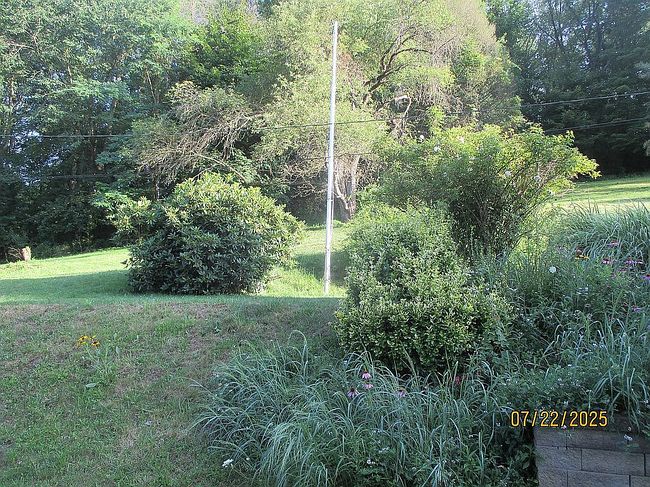 Photo of 118 Foster Rd, Beaver Falls, PA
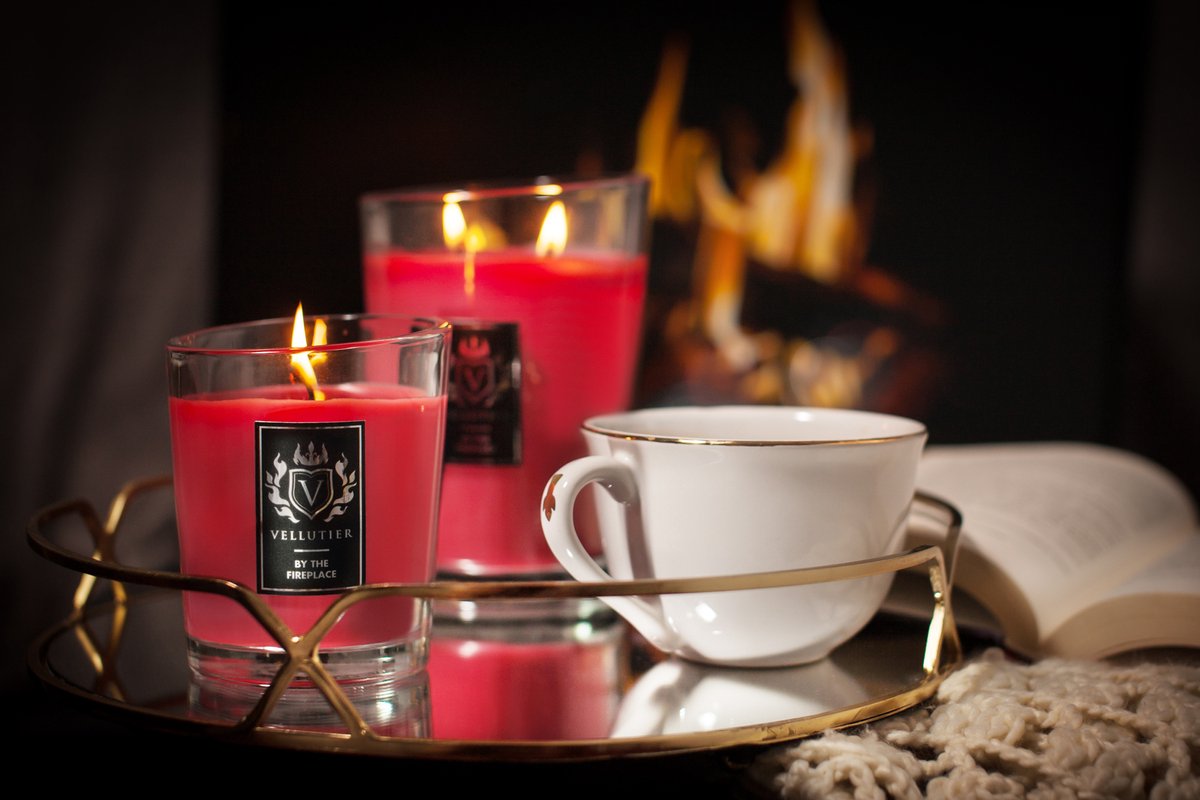 Vellutier Geurkaars Large By The Fireplace - 16 Cm / ø 11 Cm - Rood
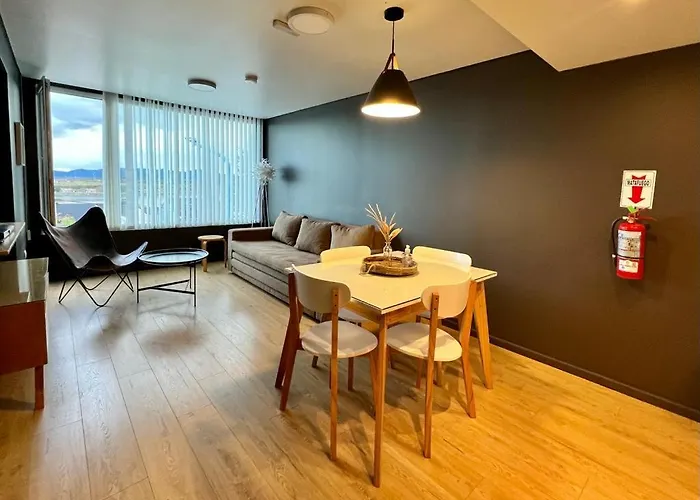 Seaport Apartments Pacifico B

**Task requirements:**
Your task is to retype, exactly and only, the lines from the line holding "Vellutier Geurkaars Large" through the final line of the data above, with both ends kept. Drop the pictures.

**Exercise response:**
 Vellutier Geurkaars Large By The Fireplace - 16 Cm / ø 11 Cm - Rood
 Seaport Apartments Pacifico B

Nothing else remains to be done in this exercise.